## AIM OF THE EXERCISE
Copy out every record below exactly as written, but leave out any pictures.

(Crawled caption data)
********************
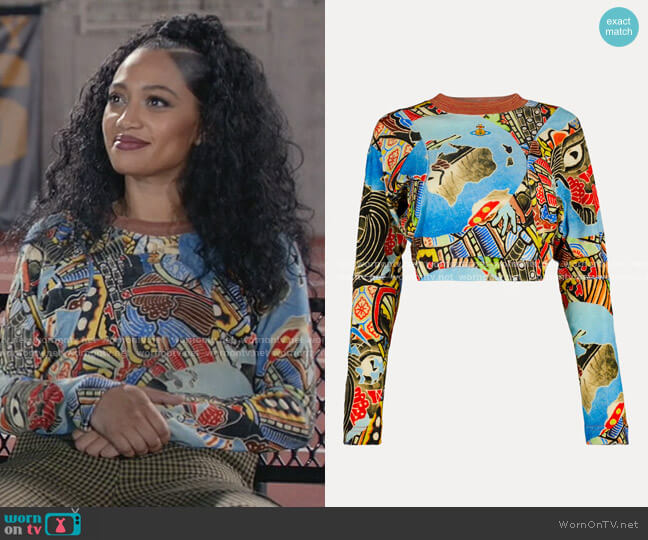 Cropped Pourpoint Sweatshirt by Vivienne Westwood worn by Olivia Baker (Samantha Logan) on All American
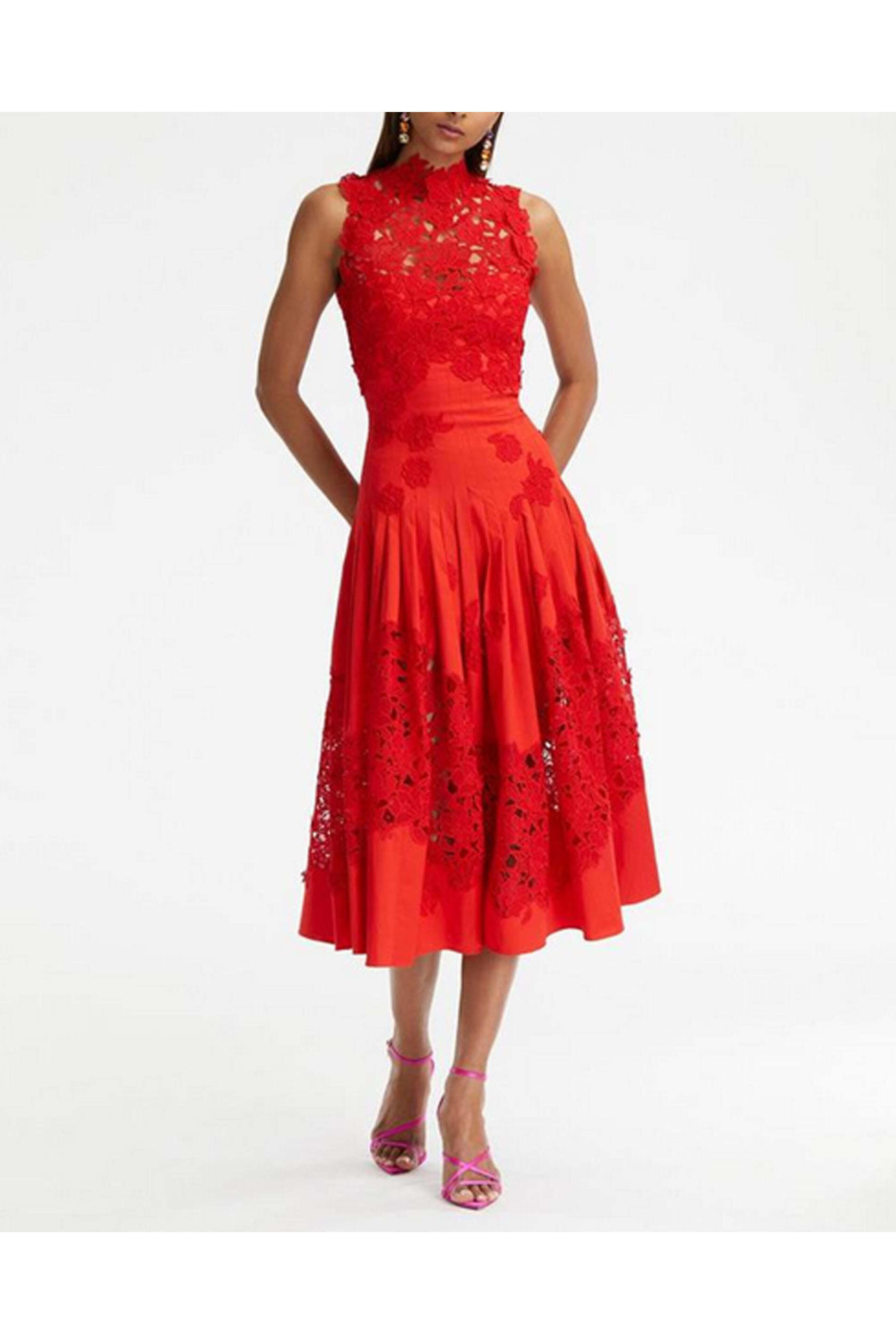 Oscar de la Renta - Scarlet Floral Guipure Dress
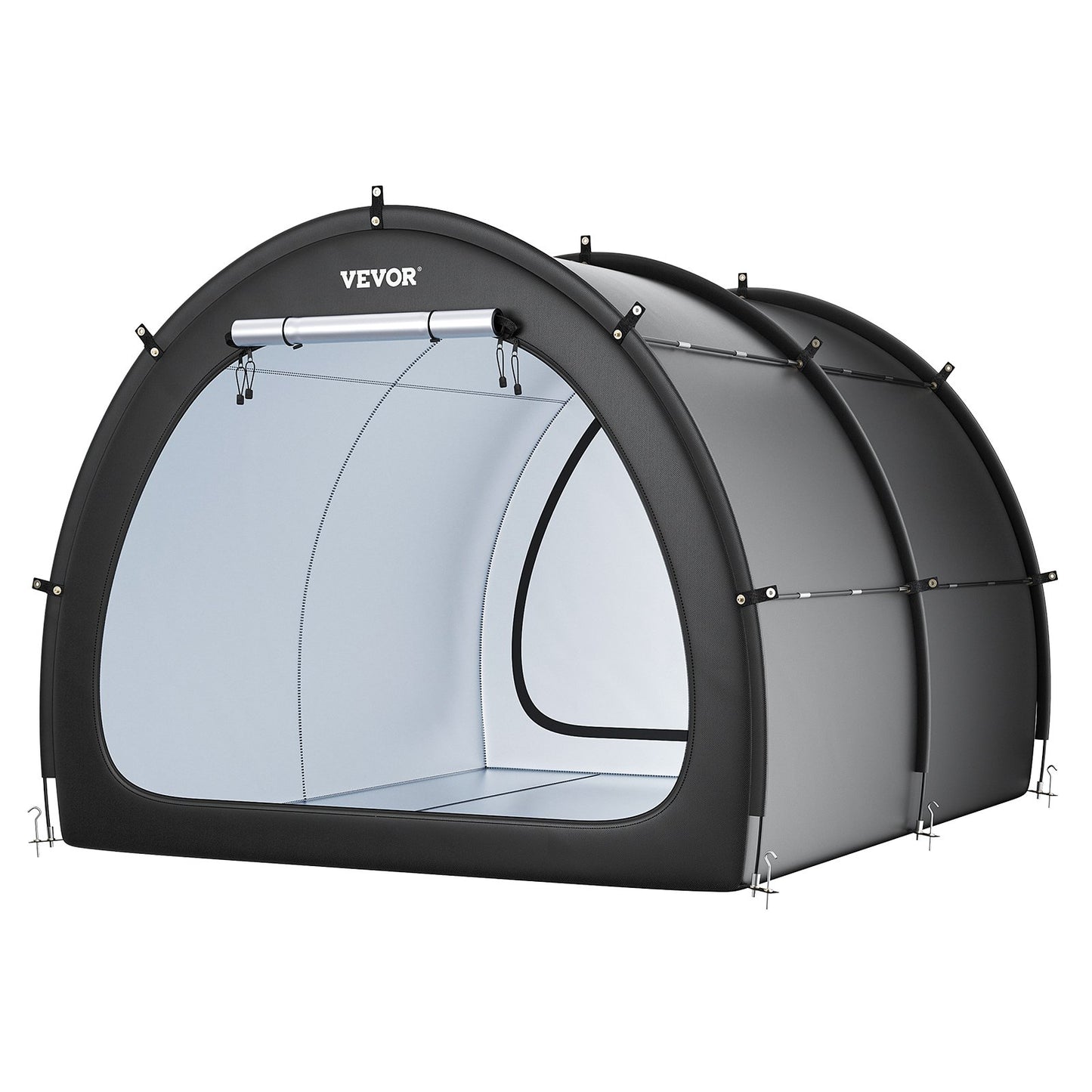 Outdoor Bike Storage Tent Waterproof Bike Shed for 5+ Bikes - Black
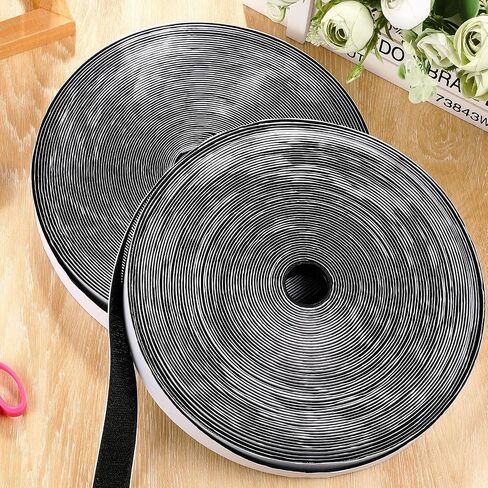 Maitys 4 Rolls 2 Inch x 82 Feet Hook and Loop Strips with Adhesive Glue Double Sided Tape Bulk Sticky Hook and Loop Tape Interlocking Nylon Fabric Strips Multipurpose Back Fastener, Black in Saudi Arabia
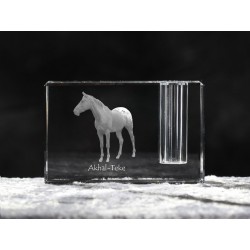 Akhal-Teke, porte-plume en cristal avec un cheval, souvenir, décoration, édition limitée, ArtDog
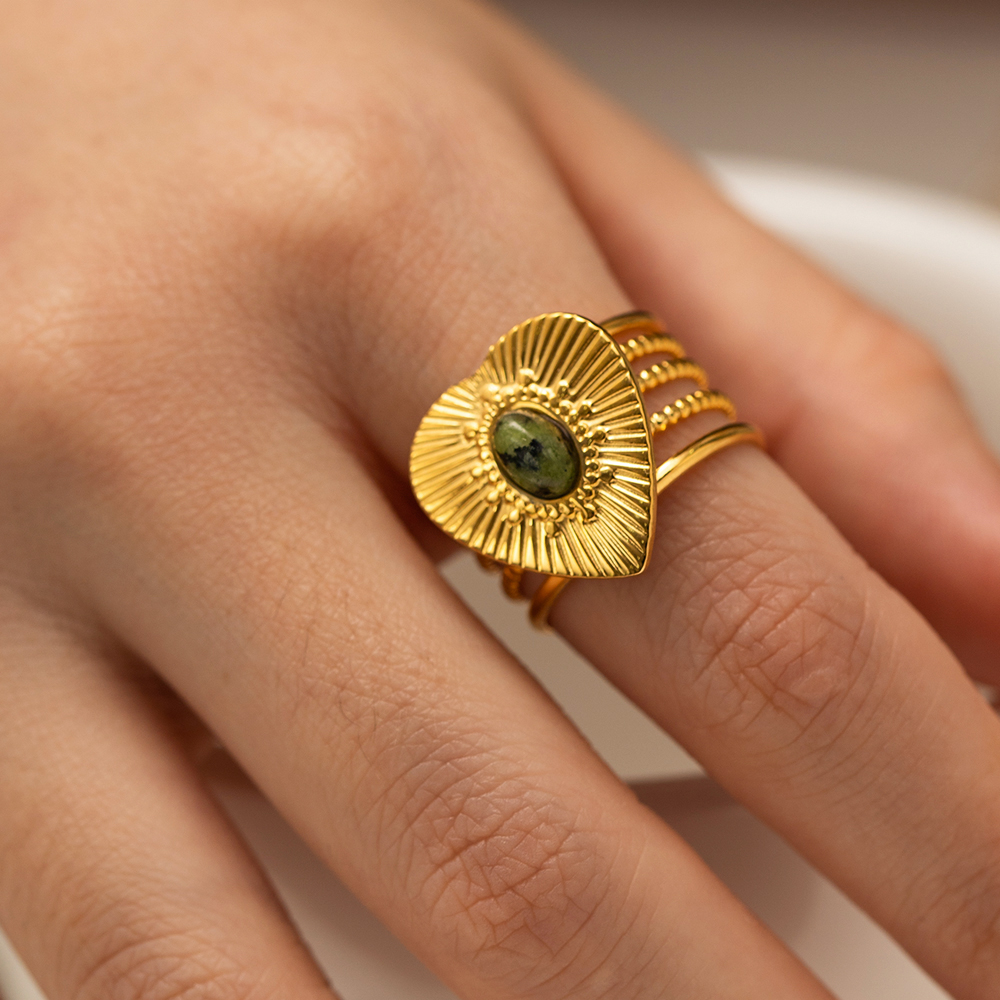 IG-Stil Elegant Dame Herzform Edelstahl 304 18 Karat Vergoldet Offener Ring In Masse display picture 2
********************
## WORKED SOLUTION
 Cropped Pourpoint Sweatshirt by Vivienne Westwood worn by Olivia Baker (Samantha Logan) on All American
 Oscar de la Renta - Scarlet Floral Guipure Dress
 Outdoor Bike Storage Tent Waterproof Bike Shed for 5+ Bikes - Black
 Maitys 4 Rolls 2 Inch x 82 Feet Hook and Loop Strips with Adhesive Glue Double Sided Tape Bulk Sticky Hook and Loop Tape Interlocking Nylon Fabric Strips Multipurpose Back Fastener, Black in Saudi Arabia
 Akhal-Teke, porte-plume en cristal avec un cheval, souvenir, décoration, édition limitée, ArtDog
 IG-Stil Elegant Dame Herzform Edelstahl 304 18 Karat Vergoldet Offener Ring In Masse display picture 2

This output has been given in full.